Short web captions
+-------+

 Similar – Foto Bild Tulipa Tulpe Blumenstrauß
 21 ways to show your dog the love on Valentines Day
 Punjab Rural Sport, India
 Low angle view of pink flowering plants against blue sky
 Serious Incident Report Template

+-------+

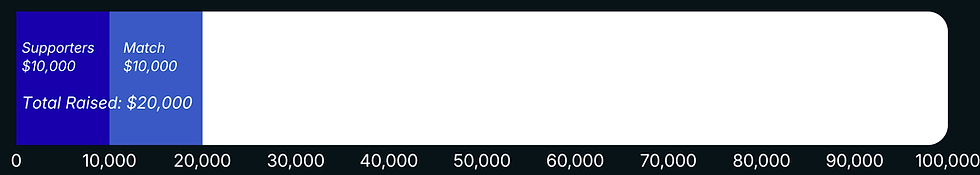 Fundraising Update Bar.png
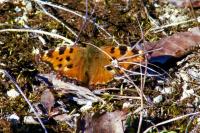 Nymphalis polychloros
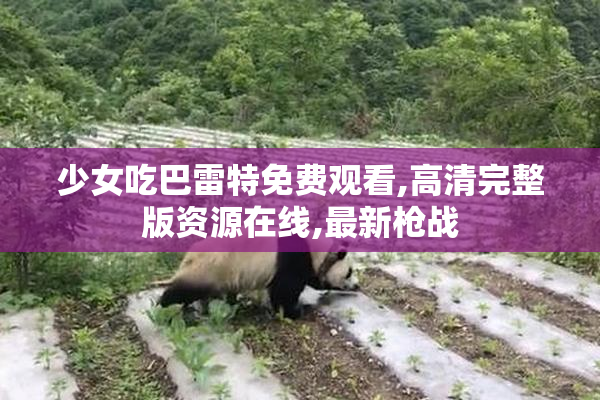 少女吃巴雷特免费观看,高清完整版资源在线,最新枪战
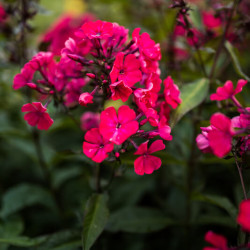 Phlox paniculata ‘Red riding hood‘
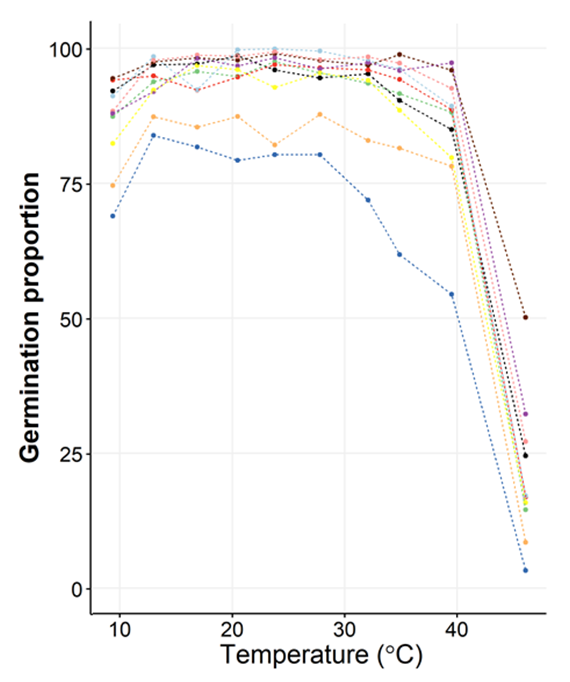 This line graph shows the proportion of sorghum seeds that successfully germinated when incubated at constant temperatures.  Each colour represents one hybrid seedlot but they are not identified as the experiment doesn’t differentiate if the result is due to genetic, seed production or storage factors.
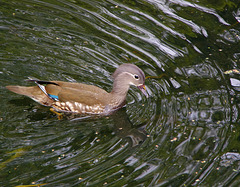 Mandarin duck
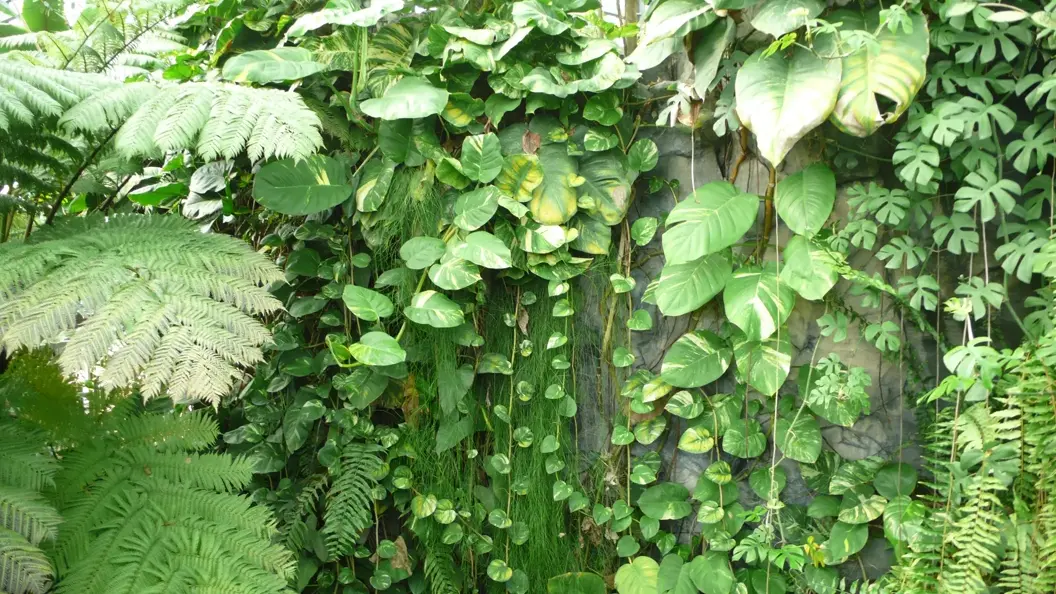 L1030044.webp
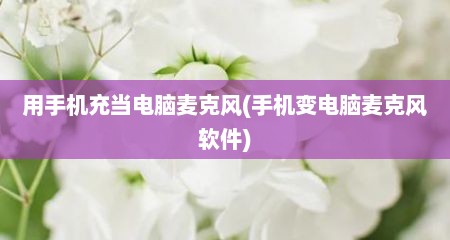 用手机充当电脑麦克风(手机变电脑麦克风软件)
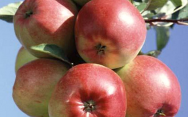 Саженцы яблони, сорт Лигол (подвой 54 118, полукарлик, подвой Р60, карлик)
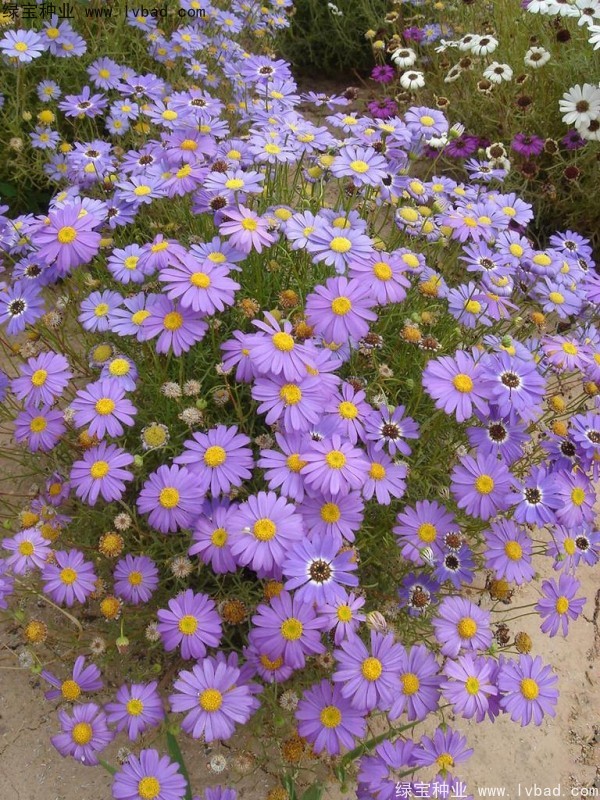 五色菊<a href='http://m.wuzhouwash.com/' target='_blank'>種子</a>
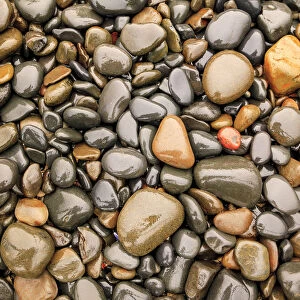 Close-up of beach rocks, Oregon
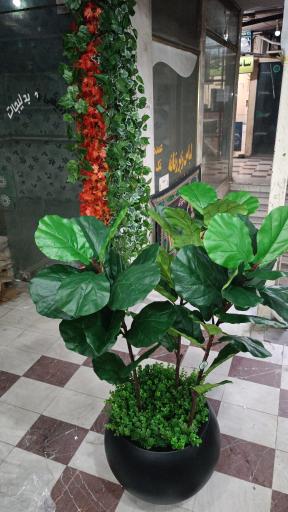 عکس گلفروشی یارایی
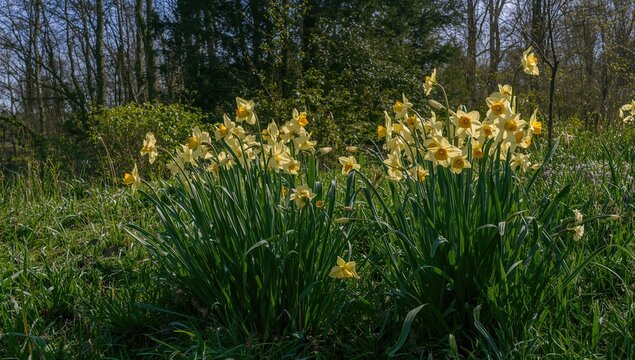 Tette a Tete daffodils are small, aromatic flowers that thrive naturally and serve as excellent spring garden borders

+-------+

- About this task:
The lines to copy exactly start with the line above that has "Fundraising Update Bar.png" and go on through the line that has "Phlox paniculata ‘Red riding hood‘"; please include both, add nothing else, and omit the pictures.

- Solution to this problem:
 Fundraising Update Bar.png
 Nymphalis polychloros
 少女吃巴雷特免费观看,高清完整版资源在线,最新枪战
 Phlox paniculata ‘Red riding hood‘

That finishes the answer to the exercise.